Perkara Menabur Senang
Sebuah perjalanan baru akan selalu jadi hadia yang ditunggu-tunggu oleh para peziarah yang tangguh. Meniti tiap kesempatan untuk sekadar menyemaikan beberapa harapan; agar kelak tumbuh dan berbuah bagi banyak orang yang selalu rindu untuk pulang. Tapak demi tapak jadi benih yang perlahan ditahtakan berdekatan agar kelak saat tumbuh mereka tidak merasa sepi sendirian; atau kedinginan kala angin menyapa. Sepi hanya akan membunuh seseorang secara bertahap tanpa meninggalkan luka sebagai bekas.

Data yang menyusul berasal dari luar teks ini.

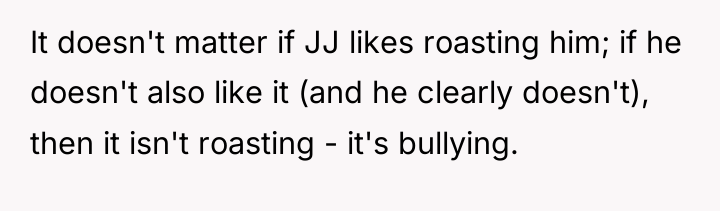 It doesn't matter if JJ likes roasting him; if he...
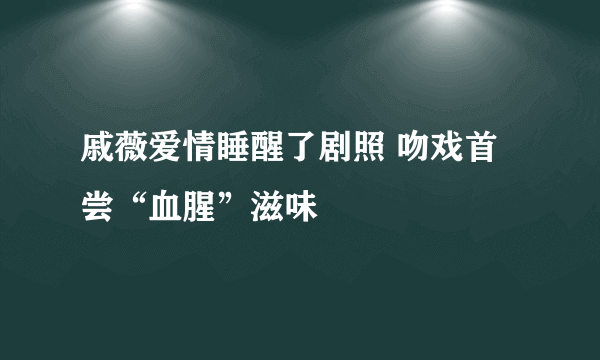 戚薇爱情睡醒了剧照 吻戏首尝“血腥”滋味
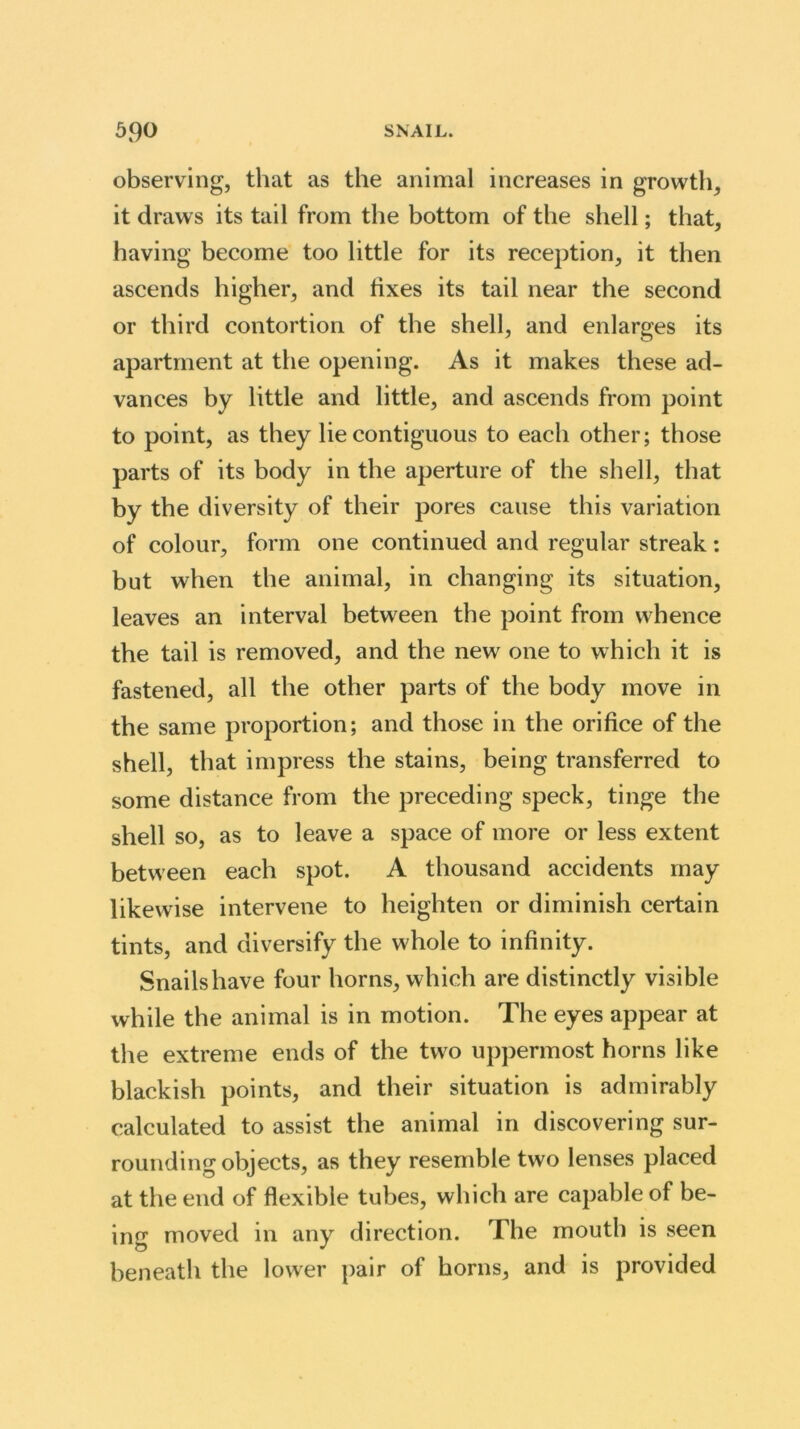 observing, that as the animal increases in growth, it draws its tail from the bottom of the shell; that, having become too little for its reception, it then ascends higher, and fixes its tail near the second or third contortion of the shell, and enlarges its apartment at the opening. As it makes these ad- vances by little and little, and ascends from point to point, as they lie contiguous to each other; those parts of its body in the aperture of the shell, that by the diversity of their pores cause this variation of colour, form one continued and regular streak: but when the animal, in changing its situation, leaves an interval between the point from whence the tail is removed, and the new one to which it is fastened, all the other parts of the body move in the same proportion; and those in the orifice of the shell, that impress the stains, being transferred to some distance from the preceding speck, tinge the shell so, as to leave a space of more or less extent between each spot. A thousand accidents may likewise intervene to heighten or diminish certain tints, and diversify the whole to infinity. Snails have four horns, which are distinctly visible while the animal is in motion. The eyes appear at the extreme ends of the two uppermost horns like blackish points, and their situation is admirably calculated to assist the animal in discovering sur- rounding objects, as they resemble two lenses placed at the end of flexible tubes, which are capable of be- ing moved in any direction. The mouth is seen beneath the lower pair of horns, and is provided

Kadang dia berpikir bahwa ia sendiri yang melangkah di jalan yang tak berujung itu; ia bahkan tak menyadari sudah banyak orang yang telah mendahuluinya - kepalanya masih sibuk dengan khayal akan garis akhir yang nanti akan ia pijaki. Ia terus sibuk dengan percakapannya bersama diri sendiri; sesekali memeluk erat jiwanya sembari memberi semangat "beberapa meter lagi garis akhir akan dicapai". Lelahnya akan dibayar habis oleh peluk dan kecupan dari orang yang paling rutin ia doakan. Hingga ia lupa ada begitu banyak tapak yang ia tanam sia-sia. Tidak tumbuh sama sekali apalagi berbuah.
Terkadang orang di sekitarnya bertanya soal kemana tujuan ia melangkah atau dari mana ia berasal. Jejak kaki yang ia khianati jadi mimpi buruk yang selalu menghakiminya. Kini tersisah padanya hanya badan dengan lelah yang setia mendekap dan sisa-sisa mimpi yang sengaja ia benamkan bersama matahari dikala pulang ke peraduan. Hari-harinya menjadi kisah yang tak pernah sepi ia ceritakan; tentang bagaimana mencari dan mendapatkan bahagia. Bagaimana menabur benih harap tetapi yang dituai pada akhirnya hanya kenyataan yang sulit dirangkul. Keluhan seakan jadi litani yang terus ia daraskan; hingga puji-pujian seakan asing diucap oleh bibirnya.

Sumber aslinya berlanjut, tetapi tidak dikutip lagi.